Then Gallup released a survey showing that voters prefer, by 48 percent to 44 percent, that the next Congress be controlled by the Republicans. That suggests to me that the next surveys by organizations such as Pew and AP-GFK should be "weighted" to reflect a much more even political split nationally than their previous polls apparently have.
In other words, if the national polling on this health care turkey were to be done in a balanced and straightforward way, we'd likely find that this supposed shining jewel of health care reform might be a temporary rush of serotonin for the White House and the congressional Democrats -- but it could mean political death warrants for those Democratic congressmen and -women that represent moderate districts. And that goes double for moderate Democratic U.S. senators if they vote for anything like the House bill.

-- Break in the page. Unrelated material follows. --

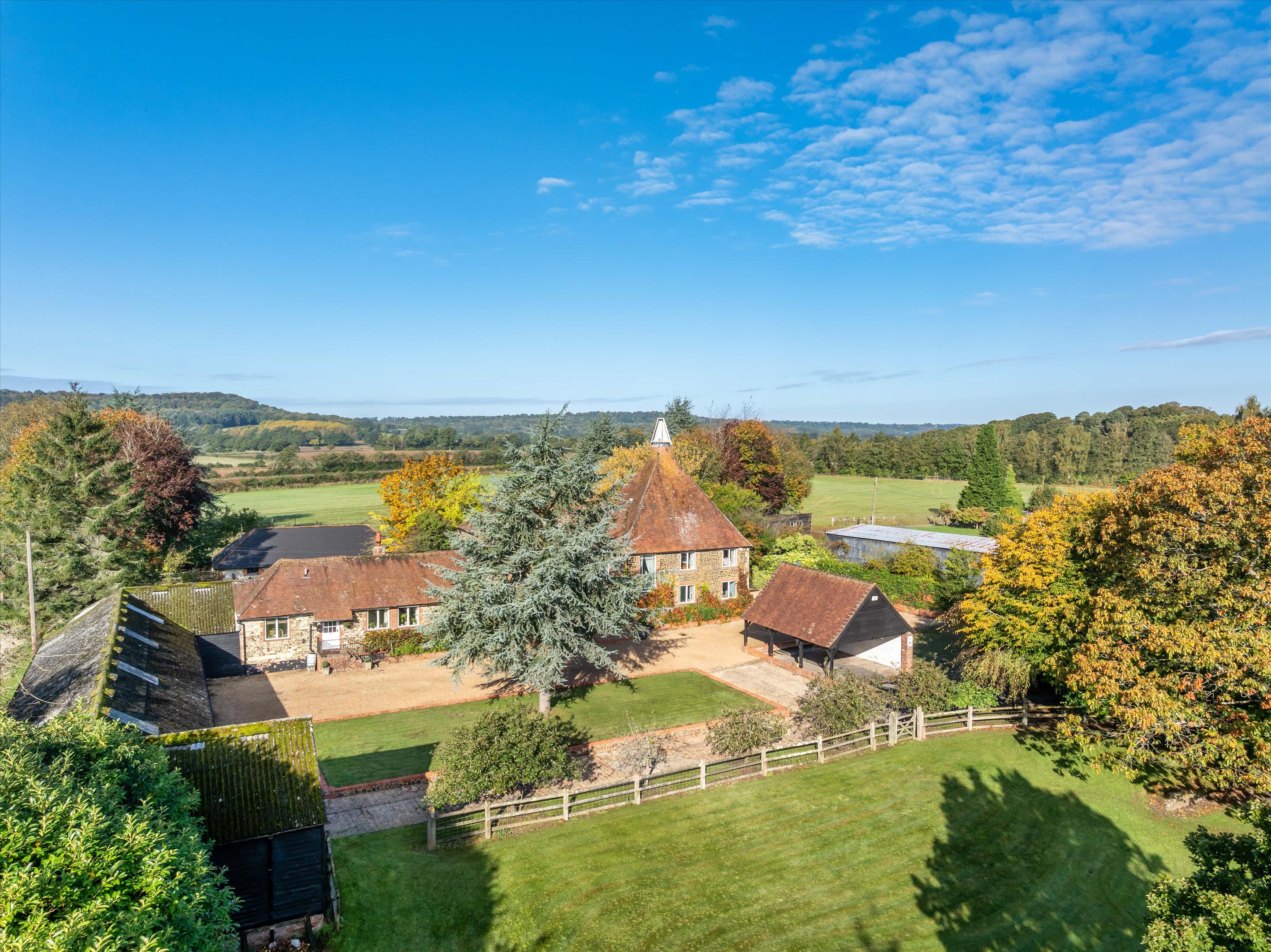 6 bedroom detached house for sale 0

The public remembers the arrogant misdeeds of the self-congratulatory political class, be the wrongdoers Democrat or Republican. In 1990, I watched President Bush 41 and the GOP commit political suicide. They passed a tax hike that seemed legitimate, even unavoidable. It wasn't, and Bush lost his re-election bid.

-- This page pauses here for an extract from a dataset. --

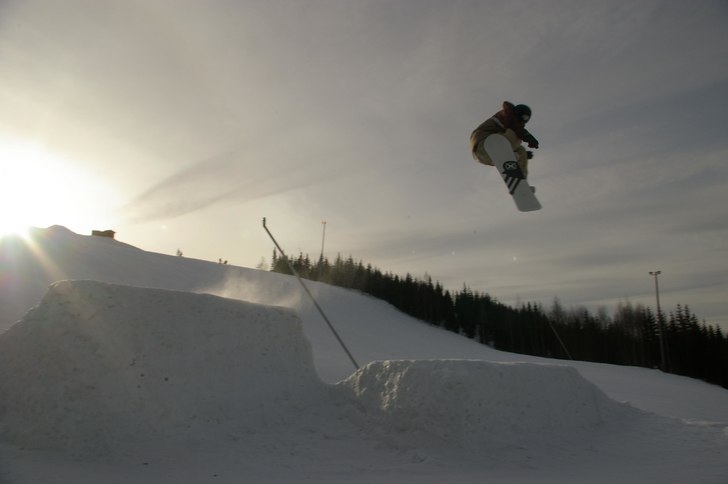 Adde drar en bs 540 i monsterkicken i Grönklitt.. Foto: Tom Stål. Åkare: Andreas Bäcker.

The Republicans also botched things in the mid-'80s. They revamped the federal tax code and ended tax benefits for owners of rental property. That cute maneuver sent most of the "Reagan Revolution" Senate class of 1980-81 back home in the '86 elections.
I find it utterly baffling that congressional Democrats in places like Virginia, North Carolina, Florida and other swing states don't recognize that their devotion to this health care reform mess likely will end their careers down the road. Moreover, they don't seem to realize how silly they look fighting over health care when most of the nation is paralyzed with fear about dinner table issues -- such as whether there will even be dinner on the table.
It's a cause of wonderment and a sight to behold.